Entering the final race of the season, Johnson trailed Brad Keselowski by 20 points. That seemed like an unsurmountable point differential to make up, unless Keselowski crashed or went out with a mechanical failure.
With less than 60 laps remaining, Johnson was leading the race and had a seven-point advantage over the Penske driver. Both teams had to make a final stop for fuel and tires.
Johnson pitted first and unbelievably the rear tire changer didn’t get a lug nut on the left rear tire, an error the NASCAR official quickly pointed out.

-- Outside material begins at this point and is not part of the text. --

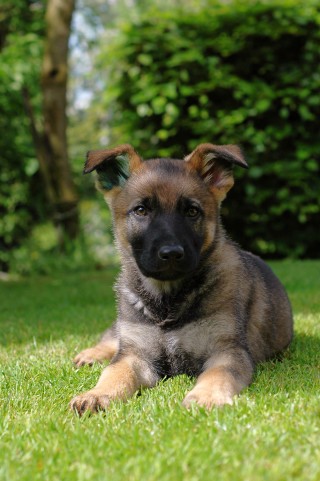 Blade (15).jpg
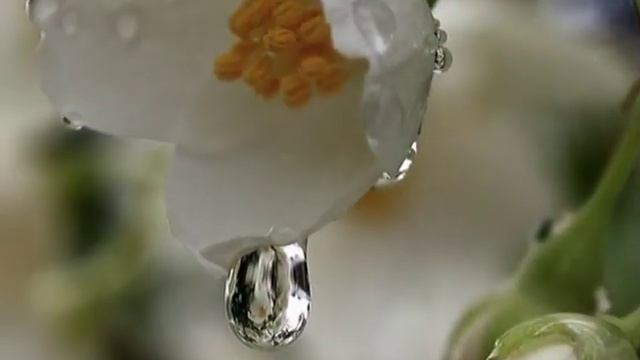 дождик смотреть онлайн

After looking like the sixth champion’s trophy was in reach, the struggle to the title again appeared only as a dream. The team made a second stop to tighten the lug nut, lost a lap, and went from a seven-point lead to trail Keselowski by more than 30 points.
A few laps later, Johnson’s quest ended with a broken gear in the transmission, ending his night and assuring Keselowski the title.
I’m sure entering the race Keselowski, crew chief Paul Wolfe, and the entire Penske Racing team felt the pressure of going for the title. When Johnson had grabbed the point’s lead, the team had to think the title had slipped away.
The championship for the “Blue Deuce” was significant for a number of reasons. It was the first title for Keselowski, who is sure to contend for more championships in the future, and marked the first title for Dodge since Richard Petty captured the honors in 1975.
But it also marked the first championship for team owner Roger Penske. Penske has been the owner of 15 cars that won the Indianapolis 500 and has secured titles in open-wheel racing. The past two years, Will Power lost IZOD IndyCar titles in the last race.